Jewish day school philanthropists understand that there is simply nothing as effective and impactful as Jewish day school education.
By Gail Norry and Ann Pava
Imagine a world where Jewish day schools have the resources they need to be affordable to all. Imagine a world where the across-the-board excellence of our schools attracts families far and wide, and where the ranks of day school philanthropists overflow the largest rooms for Jewish communal gatherings.
Imagine a world where Jewish day schools are the first choice for families.
We believe in making this vision a reality and know that there are many throughout North America committed to this vision as well. We know that there is simply nothing as effective and impactful as Jewish day school. And many of us were together in November for the first time in 20 years to get started.
When the inimitable Mem Bernstein, chair of the board of The AVI CHAI Foundation, gave us the signal, with hearts pounding, we took our mark. Like the first runner in a relay, she held out the baton and made sure we were ready to grab it. It was a room of over 100 Jewish day school philanthropists from across North America, and we were exuberant.
In competitive track and field, there is a defined area where baton-passing can take place, called “the relay zone.” In many ways the recent Prizmah Day School Investor Summit was a 24-hour relay zone. We are still in that zone in a way, and remain ever more committed to the challenge of ensuring that Jewish day schools have what they need to thrive. That starts with more day school funders and committed leaders.
Those who joined us at the Summit arrived with enthusiasm and a sense of joy. Being a Jewish day school philanthropist can sometimes be lonely. Some of us are funding local schools in very significant ways, sometimes without a strategic connection to the bigger picture. In chairing this event, we asserted that the day school movement is too important for our supporters to feel isolated.
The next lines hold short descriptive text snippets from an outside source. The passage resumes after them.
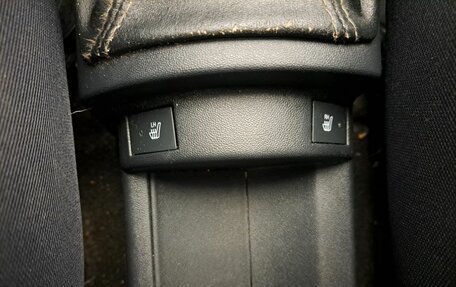 Hyundai Getz I рестайлинг, 2007 год, 349 000 рублей, 20 фотография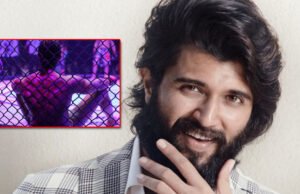 Vijay Deverakonda resumes shooting for Liger, Makers Unveil A New Picture from the Set!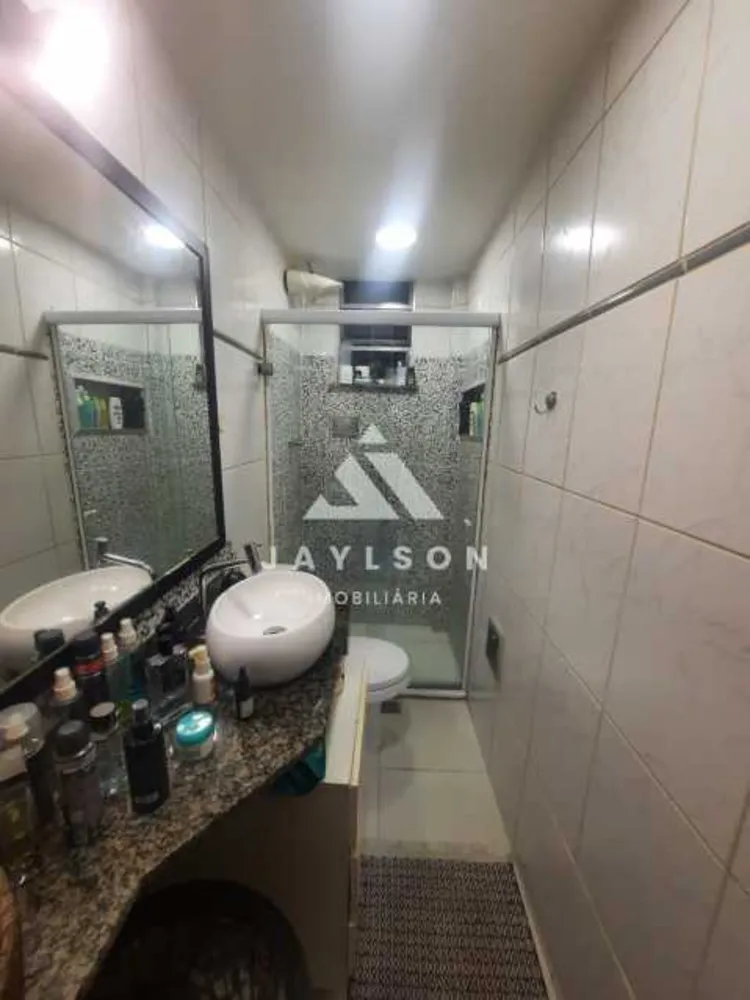 Apartamento, 2 quartos, 50 m² - Foto 21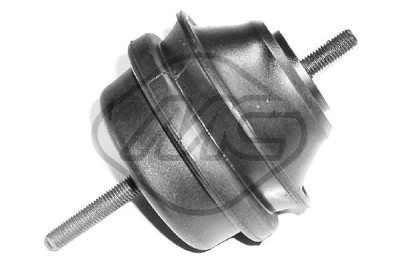 Suporte, motor METALCAUCHO 931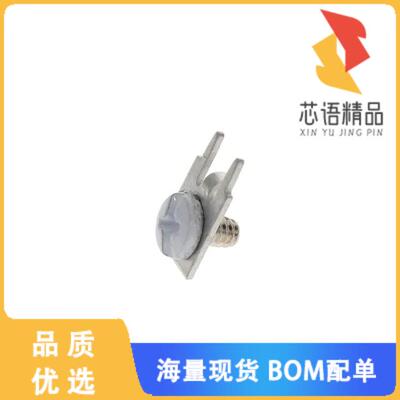 全新7757-4原装(90-SCREW CAPTIVATED TERMINAL W/)正品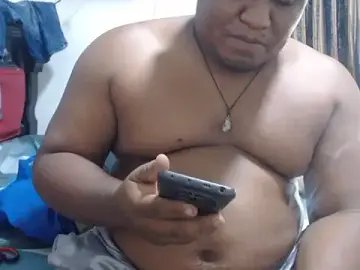 Stripchat Best Webcam of bull_blackponse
Anyone who was in the room for Mem’s speech felt anything but a sense of isolation. Hearing her speak formally (a rare occurrence, she conceded), knowing that she was sharing and revealing her heart, was extraordinary. In the past 20-plus years, The AVI CHAI Foundation has invested over $325 million in building and supporting the Jewish day school field.
When Mem said, “You can only pass a baton to a teammate,” we knew what our team needed was more members. Wherever there are day schools, there are passionate day school supporters who can come together and literally change the course of our Jewish future. Now is the time for these and other philanthropists to join us in this critical work.
Summit attendees were asked to think hard and creatively. How can we invest more strategically in our day schools at the local and national level? What might be the “next big thing” that will keep our schools vibrant and vital? What national initiatives can Prizmah, the only central address for Jewish day schools, foster to address challenges like affordability and excellence? How can school community and other partnerships yield even greater impact?
We learned from Paula Gottesman from MetroWest New Jersey and Joel Siegel from Montreal about new models for community-wide day school endowment support. We studied the ways PJ Library and the Foundation for Jewish Camp have leveraged local and national partnerships to scale their initiatives nationally and make a transformative impact. We started to imagine what the next leg of the run could look like for Jewish day schools.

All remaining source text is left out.